**WHAT TO WORK ON**:
When a line in the entries contains the word "Sweater", copy that line in full.

↓

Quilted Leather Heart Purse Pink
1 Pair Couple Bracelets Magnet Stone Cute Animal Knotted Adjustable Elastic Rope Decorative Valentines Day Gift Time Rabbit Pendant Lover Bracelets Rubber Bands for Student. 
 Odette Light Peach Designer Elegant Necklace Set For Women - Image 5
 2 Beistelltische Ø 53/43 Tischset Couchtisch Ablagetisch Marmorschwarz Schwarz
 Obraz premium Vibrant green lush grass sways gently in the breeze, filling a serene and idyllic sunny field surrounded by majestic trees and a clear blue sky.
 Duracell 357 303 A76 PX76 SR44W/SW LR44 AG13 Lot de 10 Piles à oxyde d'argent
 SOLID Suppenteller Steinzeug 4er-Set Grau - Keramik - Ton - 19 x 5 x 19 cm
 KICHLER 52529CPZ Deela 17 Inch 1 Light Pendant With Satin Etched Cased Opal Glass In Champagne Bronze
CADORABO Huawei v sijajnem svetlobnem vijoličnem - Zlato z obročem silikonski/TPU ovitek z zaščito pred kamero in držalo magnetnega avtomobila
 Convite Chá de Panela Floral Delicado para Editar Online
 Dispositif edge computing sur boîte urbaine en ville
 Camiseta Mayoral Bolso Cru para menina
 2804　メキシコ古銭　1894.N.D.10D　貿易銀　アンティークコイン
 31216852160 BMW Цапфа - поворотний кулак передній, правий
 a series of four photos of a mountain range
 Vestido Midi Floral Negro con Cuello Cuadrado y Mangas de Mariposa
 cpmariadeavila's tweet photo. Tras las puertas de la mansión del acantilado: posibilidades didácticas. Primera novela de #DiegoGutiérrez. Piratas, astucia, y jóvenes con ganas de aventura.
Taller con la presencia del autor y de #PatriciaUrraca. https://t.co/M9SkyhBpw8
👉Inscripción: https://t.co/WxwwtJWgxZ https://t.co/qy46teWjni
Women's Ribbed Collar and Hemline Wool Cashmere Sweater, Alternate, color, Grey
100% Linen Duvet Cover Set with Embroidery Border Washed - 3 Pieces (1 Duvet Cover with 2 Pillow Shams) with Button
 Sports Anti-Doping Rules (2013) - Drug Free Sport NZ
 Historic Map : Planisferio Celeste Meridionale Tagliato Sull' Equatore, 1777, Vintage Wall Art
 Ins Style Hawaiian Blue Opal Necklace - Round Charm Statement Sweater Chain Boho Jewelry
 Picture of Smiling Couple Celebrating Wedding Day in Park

↑

**ANSWER AREA**:
Women's Ribbed Collar and Hemline Wool Cashmere Sweater, Alternate, color, Grey
 Ins Style Hawaiian Blue Opal Necklace - Round Charm Statement Sweater Chain Boho Jewelry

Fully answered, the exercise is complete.